Ventilation systems make it possible to continuously provide satisfactory fresh air flows for each occupant and to extracting stale air. Air handling units combined with diffusion vents, for example, perform the following functions: air circulation, filtration, heating, cooling, heat recovery, humidification, dehumidification and air mixing (Eurovent certification programmes "Air handling units" and "Hygienic air handling units"). The dual flow ACTUs allow all possible combinations of air intake, fresh air, rejected air and treated air.

Different types of filters

The filtration is carried out by prefilters, flat filters or bag filters. The efficiency of the filters depends on the speed with which the contaminated air is filtered. Under ideal conditions, a filter can remove 99% of the contaminants that pass through it. The blowing terminals can also be provided with filters.

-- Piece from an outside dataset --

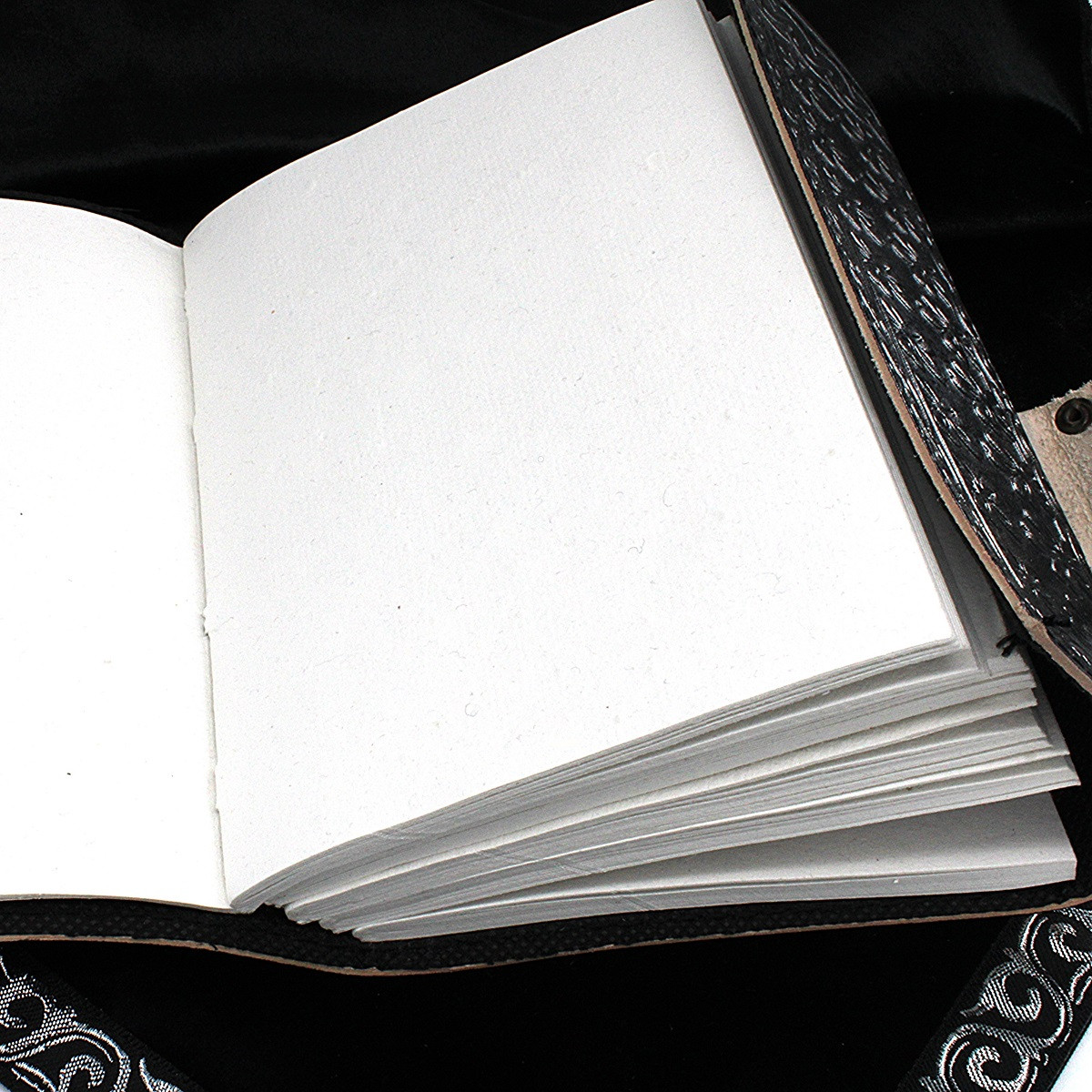 Book of Shadows - Black Pentacle - Wiccan Book | Altar Tools & Supplies | Black Pentacle Grimoire | Sacred Wiccan Book | Spell Books | Ritual Witchcraft Book | dark academia witchy aesthetic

Prefilters are mainly used in the first stage of air treatment. They remove larger particles such as pollen from the air. Often placed in the first stage of filtration, they also protect the more sensitive filters of the following stages. Fine filters can also be used in the first filtration stage for a thorough treatment of air in tertiary buildings. They can also be used to effectively protect the end filters. The latter provide filtration up to 0.001 μm, effective for fumes and soot, for example. As for activated carbon filters, they can stop contaminants at the molecular level and can eliminate odours and protect industrial process type facilities.

15 % of the energy bill

But the quality of the air has a price. Air filtration accounts for an estimated 15% of building energy costs (or 30% of the energy consumption of ventilation systems*). Effective filters generate additional energy expenditure which is proportional to the flow rate, the average pressure drop of the filter, its resistance to air flow and the operating time. Loaded with dust, a filter sees its pressure drop increase and the air handling unit will use more energy to circulate air through the filter. Increased energy consumption can be traced directly to the pressure drop.

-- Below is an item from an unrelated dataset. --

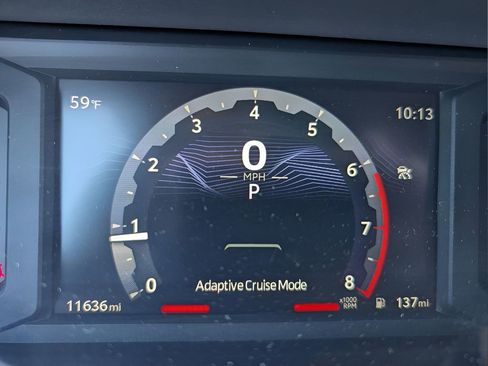 Certified 2025 Toyota Tacoma SR5 AWD/4WD image 11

The paradox between efficiency of filters and energy savings can be solved by adopting suitable filters. The Eurovent "Air Filters class M5-F9" programme certifies the following performances: filtration class: M5, M6, F7 - F9; initial pressure drop Δp0 in Pa; initial efficiency (only for filters F7 to F9); minimum efficiency (only for filters F7 to F9); Eurovent energy class (only for filters rated at 0.944 m3 / s); annual energy consumption (only for filters rated at 0.944 m3 / s). The Eurovent energy efficiency classification makes it easier to compare filters. It applies to all high efficiency filters that have been classified in terms of their energy efficiency (A + to E, A +) after testing according to EN 779-2012. Their classification also depends on their annual energy consumption, initial efficiency and minimum efficiency.

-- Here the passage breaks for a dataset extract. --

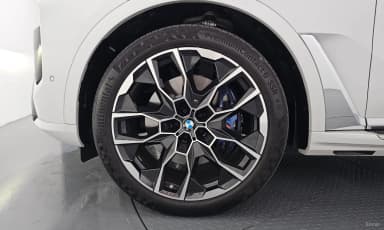 X7 (G07)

In addition, in application of the Eco-design Directive, three regulations concerning, in particular, air handling units entered into force on January 1, 2016. They reinforce the requirements for the eco-design of electric motors, cooling fans an electrical power between 125 W and 500 kW and ventilation units whose function is to replace the stale air of a building with fresh air. As of 1 January 2018, the last stage of this European regulation will be implemented. Among the new obligations, the equipment will need to display a signal when the filter is dirty.

*Source : Camfil.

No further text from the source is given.